Globs are gitignore-style and matched against paths relative to the config file.

Run in CI

deslop exits 0 regardless of how much duplication it finds — unless you opt into a gate. Then it exits 3 when the repo-wide duplication_percent exceeds your ceiling. Two ways; the flag wins over the config key:

deslop . --fail-over 5.0   # exit 3 when duplication_percent > 5.0

# .deslop.toml — shared by local runs, CI, and agents
[threshold]
max_duplication_percent = 5.0

--fail-over 0 fails on any duplication. --no-fail-over clears the gate for a single local run. The value must be a finite number in [0.0, 100.0]; anything else exits 2.

Exit codes

Code	Meaning
`0`	Succeeded; within threshold, or no threshold set.
`1`	Runtime error — bad scan path, parse/I-O failure, or an unreachable `required` embedding provider. Never a panic.
`2`	Usage error — unknown flag, or an out-of-range / non-finite threshold.
`3`	Threshold breached.

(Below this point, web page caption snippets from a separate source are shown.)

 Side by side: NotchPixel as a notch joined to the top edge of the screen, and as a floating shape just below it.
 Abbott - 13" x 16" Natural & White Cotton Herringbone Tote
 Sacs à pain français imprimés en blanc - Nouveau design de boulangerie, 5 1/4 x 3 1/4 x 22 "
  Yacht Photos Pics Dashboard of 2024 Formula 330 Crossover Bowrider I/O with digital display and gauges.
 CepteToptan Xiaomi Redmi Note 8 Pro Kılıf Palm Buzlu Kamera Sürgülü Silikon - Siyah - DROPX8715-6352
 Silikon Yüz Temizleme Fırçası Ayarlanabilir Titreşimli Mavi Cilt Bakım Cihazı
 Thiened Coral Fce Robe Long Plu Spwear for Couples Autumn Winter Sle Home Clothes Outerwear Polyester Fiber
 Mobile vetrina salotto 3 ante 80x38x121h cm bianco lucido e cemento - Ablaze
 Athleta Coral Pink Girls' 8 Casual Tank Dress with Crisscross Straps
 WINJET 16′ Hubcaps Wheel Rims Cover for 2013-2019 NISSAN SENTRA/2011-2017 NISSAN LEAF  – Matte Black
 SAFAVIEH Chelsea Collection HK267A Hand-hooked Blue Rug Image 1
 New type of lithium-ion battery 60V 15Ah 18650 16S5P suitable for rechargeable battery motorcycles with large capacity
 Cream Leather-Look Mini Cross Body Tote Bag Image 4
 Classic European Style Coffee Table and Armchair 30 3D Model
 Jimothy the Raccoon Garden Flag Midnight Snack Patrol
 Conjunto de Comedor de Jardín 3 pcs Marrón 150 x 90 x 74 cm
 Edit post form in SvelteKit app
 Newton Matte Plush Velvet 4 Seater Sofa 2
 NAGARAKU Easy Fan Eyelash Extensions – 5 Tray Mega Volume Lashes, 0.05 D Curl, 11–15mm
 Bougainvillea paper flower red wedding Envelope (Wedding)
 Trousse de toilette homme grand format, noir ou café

The full report is still written to disk so the offenders can be surfaced.

GitHub Actions

name: deslop
on: [push, pull_request]
jobs:
  duplication-gate:
    runs-on: ubuntu-latest
    env:
      DESLOP_VERSION: "0.1.0"   # pin the tool version — see the Releases page
    steps:
      - uses: actions/checkout@v4
      - name: Install the Deslop CLI
        run: |
          curl -sSfL "https://github.com/Nimblesite/Deslop/releases/download/v${DESLOP_VERSION}/deslop-${DESLOP_VERSION}-linux-x64.tar.gz" | tar -xz
          echo "$PWD/deslop-${DESLOP_VERSION}-linux-x64" >> "$GITHUB_PATH"
      - name: Gate on duplication
        run: deslop . --fail-over 5.0   # or omit --fail-over to use [threshold] in .deslop.toml
      - uses: actions/upload-artifact@v4
        if: always()
        with:
          name: deslop-report
          path: deslop-report.html

A non-zero exit fails the step. The if: always() upload keeps deslop-report.html even on a breach so a human can browse the offenders.

Read the reports

deslop-report.json is canonical and the only file you should parse — .txt and .html are renderers over it. Call schema-doc once for the authoritative schema, and see Output Formats for the full shape. The decision-relevant slice:

{
  "metrics": {
    "duplication_percent": 2.63,
    "threshold": { "percent": 5.0, "breached": false, "source": "config" }
  },
  "clusters": [
    {
      "id": "0362505641efe3c7",
      "weight": 1252.8,
      "size": 3,
      "bucket": "identical",
      "signals": { "structural": 1.0, "token_jaccard": 0.98, "embedding_cos": 0.0, "fused": 0.99 },
      "occurrences": [ { "path": "src/UserRepository.cs", "start_line": 12, "end_line": 41, "hidden": false } ],
      "summary": "3 near-identical copies — safe to extract."
    }
  ]
}

Field	How to act on it
`metrics.duplication_percent`	The repo-wide headline number the CI gate compares against.
`metrics.threshold.breached`	`true` → the run exited `3` and the gate failed. `source` is `cli`, `config`, or `none`.
`clusters`	Sorted by `weight` descending — `clusters[0]` is always the worst offender. Work top-down.
`bucket`	`identical` / `nearly_identical` → extract a shared definition. `structural_only` → only the code shape matches (no token or semantic evidence) — verify it is a real duplicate before extracting; demoted in ranking by default. `loosely_similar` → parametrise the difference. `same_behavior` → reconcile two implementations of one behaviour (needs `--embeddings`).
`signals.fused`	Unit-bounded confidence. `≥ 0.85` is the act-now line, the same threshold as the `find-similar` law above.
`occurrences[].hidden`	`true` marks a `report_hide` match — a hand-written clone of generated code.

Do not silence findings by widening the threshold, marking code hidden, or splitting it into trivially different shapes. If Deslop flags it, treat it as a real signal until you have shown otherwise.